From the R.A.C. box we rang up the C.D. and reported that we had reached Finedon. “Gracious,” they coughed,inhaling accidentally, “you ought to have been there a couple of hours ago. WE could have done it easily.
Question is “Will We?”
“And you needn’t bother to go on to Rushden and Higham now the road’s open from Wellingborough so we’re sending papers that way.”
To get back to Kettering we had to trudge, struggle, climb, stumble and stagger back over the drifts to Burton and pick up the van.
Dusk was falling when we reached base. The Circulation Department had gone home to tea, all except one who breezed as be switched on his fire (both bars), “Jolly good idea that.

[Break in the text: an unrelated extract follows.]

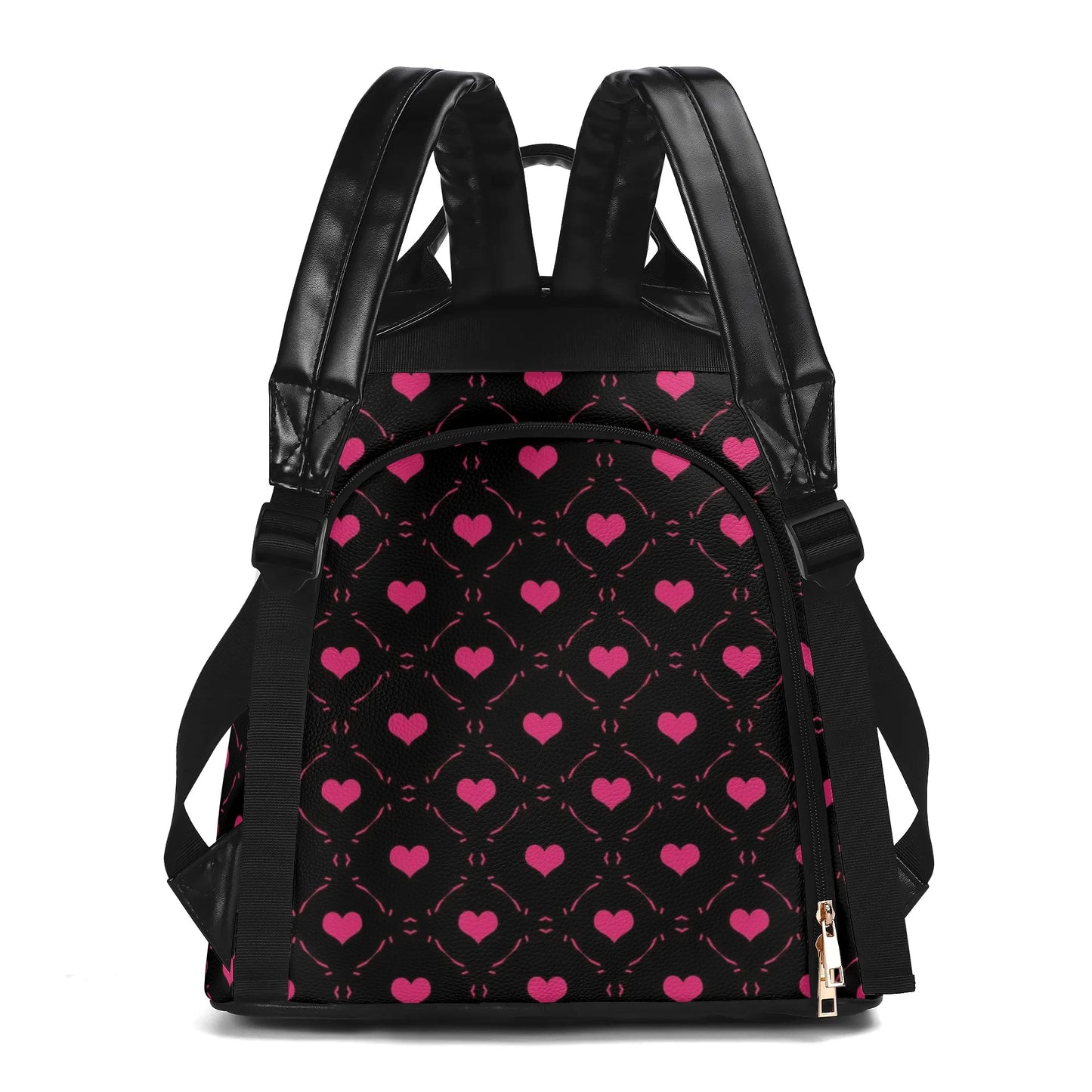 Pink Hearts Leather Anti-theft Travel Backpack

Don’t know what you fellows would do without some good men on the circulation side. Will you run them through again to-morrow if the weather’s bad?”
Will we? Ask Son, Roly and Tommy!
Nine Men and a Girl
Note: Bunny, who eventually took the Rushden district edition by van, says the sledge parties stole all the limelight. He got through from Burton to Finedon station following a snowplough which got stuck there, and had to be dug out.

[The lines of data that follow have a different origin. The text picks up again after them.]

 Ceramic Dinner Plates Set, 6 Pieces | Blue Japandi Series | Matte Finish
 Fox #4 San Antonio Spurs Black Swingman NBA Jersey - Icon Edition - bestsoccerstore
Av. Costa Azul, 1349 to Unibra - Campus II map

Going on towards Wellingborough without the plough escort, he had to charge through canyons of snow against Wellingborough golf links, and on the Higham-road had to stop and help dig out a lorry before he could get past.
On the way back the van became completely marooned at Wellingborough, and would have had to be abandoned but for the timely help of nine men and one girl.
They and Bunny picked up the van bodily and carried it back on to the road. Total time, Kettering to Rushden and back, five hours.